● **YOUR GOAL**
An unaltered copy of the listing below is required.

● **DATA EXTRACT**
=-=-=-=-=

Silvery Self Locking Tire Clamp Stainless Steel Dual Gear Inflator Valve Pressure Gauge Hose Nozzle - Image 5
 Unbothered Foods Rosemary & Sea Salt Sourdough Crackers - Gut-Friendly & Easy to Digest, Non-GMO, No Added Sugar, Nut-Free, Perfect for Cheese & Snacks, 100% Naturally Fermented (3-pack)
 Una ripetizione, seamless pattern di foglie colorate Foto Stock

=-=-=-=-=

● **WORKED SOLUTION**
Silvery Self Locking Tire Clamp Stainless Steel Dual Gear Inflator Valve Pressure Gauge Hose Nozzle - Image 5
 Unbothered Foods Rosemary & Sea Salt Sourdough Crackers - Gut-Friendly & Easy to Digest, Non-GMO, No Added Sugar, Nut-Free, Perfect for Cheese & Snacks, 100% Naturally Fermented (3-pack)
 Una ripetizione, seamless pattern di foglie colorate Foto Stock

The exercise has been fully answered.